Wednesday, August 29, 2012

Girl Scouting is Badass: The Rant

I have spent the past three and a half months living and working at the Girl Scout/Guide world centre in Switzerland, Our Chalet. It has been an incredible experience, as have the prior 16 years I've been in Scouting, and therefore I am uniquely qualified to tell you how much better Girl Scouting is than anything else, ever.

Do you know how hardcore the Girl Scouts are? Probably not. Do you know, for instance, that Girl Guides were spies for the Allies in WWII ? Did you know that before women in the US could even vote, Girl Scouting gave them a space to brave the wilderness? While Boy Scouts of America (still) holds tight to it's homophobic policies, did you know the Girl Scouts welcomed girls of different abilities, sexual orientations, races and creeds before it was cool?

I'm not going to lie to you here; Girl Scouting is badass.

In a lot of the world (i.e. Europe), Scouting has become coed, and this is great. There are many positives to coed groups, and I know several really fantastic Boy Scouts whom I secretly feel would be cool enough to be Girl Scouts. But you know what I don't buy? That Girl Guiding and Scouting needs to mimic or join the boys in order to get it right.

One of several equally depressing anecdotes: A coed group of really, really fantastic Scouts from universities around the UK is staying here at Our Chalet. On a recent day on program, the group was split up into smaller groups to have a campfire building competition. One group happened to be entirely female. "Could we have one of the guys join our group?" they asked.

ARE YOU SERIOUS? Like, I know a lot of ways to build fires, but I was unaware that having a Y chromosome made you somehow better at it. I'm confused, do you light the fire with your penis instead of a match? No? I've heard similar sentiments of internalized sexism from girls, young women and leaders for the past 16 years of my scouting life. No, I don't need help carrying this, which is likely why I picked it up in the first place.Yes, I am capable of rolling up a tent.  No, the male leaders are not automatically funnier than the female ones; have you met me? I'm effing hilarious.

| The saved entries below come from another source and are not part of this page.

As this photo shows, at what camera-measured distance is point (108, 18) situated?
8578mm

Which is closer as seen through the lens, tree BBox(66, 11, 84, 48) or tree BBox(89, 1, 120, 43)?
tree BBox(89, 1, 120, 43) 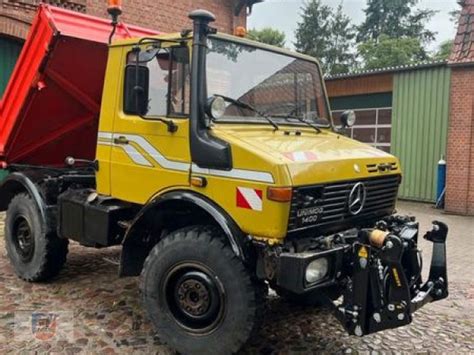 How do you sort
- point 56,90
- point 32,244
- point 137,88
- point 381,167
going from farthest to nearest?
point 32,244
point 56,90
point 381,167
point 137,88

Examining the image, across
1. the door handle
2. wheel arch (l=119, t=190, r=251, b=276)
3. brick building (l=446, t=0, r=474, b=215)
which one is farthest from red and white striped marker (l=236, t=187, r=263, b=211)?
brick building (l=446, t=0, r=474, b=215)

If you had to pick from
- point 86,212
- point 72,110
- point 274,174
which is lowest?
point 86,212

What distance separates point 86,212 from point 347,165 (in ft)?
8.10

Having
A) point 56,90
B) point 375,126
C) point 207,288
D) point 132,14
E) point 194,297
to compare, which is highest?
point 132,14

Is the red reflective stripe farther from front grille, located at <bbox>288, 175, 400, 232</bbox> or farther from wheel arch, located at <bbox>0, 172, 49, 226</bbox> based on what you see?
wheel arch, located at <bbox>0, 172, 49, 226</bbox>

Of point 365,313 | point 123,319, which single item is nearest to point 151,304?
point 123,319

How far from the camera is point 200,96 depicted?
3691 millimetres

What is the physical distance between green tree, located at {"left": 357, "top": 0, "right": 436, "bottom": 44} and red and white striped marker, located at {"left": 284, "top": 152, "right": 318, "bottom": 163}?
4806 cm

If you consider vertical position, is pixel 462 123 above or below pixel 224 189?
above

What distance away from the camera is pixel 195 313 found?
372 cm

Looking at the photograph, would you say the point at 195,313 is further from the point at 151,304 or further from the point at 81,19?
the point at 81,19

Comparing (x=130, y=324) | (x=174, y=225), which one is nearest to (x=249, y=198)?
(x=174, y=225)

While I'm ranting, I'm completely over this idea that Girl Scouts is the inferior version of Boy Scouts. I swear to God, the next time some Boy Scout insinuates that I'm less able to handle something outdoorsy than he is, I will use my lashing and pioneering skills to tie him to a roasting spit, and my one-match fire skills to bonfire his condescending ass. The only thing Boy Scouts are categorically better at is peeing off of things, which I'm not entirely sure is something to brag about.

A brief survey of reality will tell you that we are, in fact, still living in a world that values girls less than boys, and that doesn't magically disappear in a coed scouting environment. Someday, in a perfectly egalitarian world, that would be fantastic, but Girl Scouting as it now stands is a unique, all female environment that does what our world needs more of: empowers girls and young women.

Here is what Girl Scouting teaches girls: You are a fully capable human being, who is able to both play dress up and build shelter out of trees. You are capable of changing the world, and the most important thing in life? It's up to you to find out what it is, but it's not impressing boys.

On a personal level, there is nothing in my life that has been untouched by my time in Girl Scouts. Beyond my semi-concerning addiction to Thin Mint cookies, Girl Scouting gave me my first time rock climbing, public speaking, using first responder training, jumping off of things I was scared to, white water rafting, comforting crying children, learning to lash a swinging chair out of wood and twine, skinny dipping, figuring out the meaning of life on a dock underneath the stars, and challenging myself, failing, and learning it's ok.

It's not that these things cannot exist in a coed environment. It's just that my copious amounts of observations and common sense tell me that Girl Scouting and Guiding does a damn good job of raising girls who are strong and self-sufficient enough to not require a boy around to light a freaking campfire.

The World Association of Girl Guides and Girl Scouts is the largest non profit organization in the world dedicated to woman and girls, with 10 million girl members and countless grown-up ones. We plant trees, teach HIV/AIDS awareness, send delegates to UN conferences, and, most importantly, have fun. The sisterhood I belong to changes the world every day in ways that I can still hardly fathom. Girl Scouting and Guiding is as essential to a free world as air, and I could not be prouder to be part of a movement that empowers youth the way that it does.

And the girls? They are more insightful, compassionate, funny and courageous than you would ever think possible. Not a day has gone by working with these girls that they don't completely blow me away. From my little campers at Girl Scout camp who have grown into amazing role models, to the girls at Our Chalet a couple weeks ago who taught me songs and made me cry from laughing so hard, I get goosebumps thinking about how lucky I am to be part of their lives. People occasionally ask me how I can possibly sacrifice a summer (or two, or six) to Girl Scouts, of all things. My question is, how can you possibly not?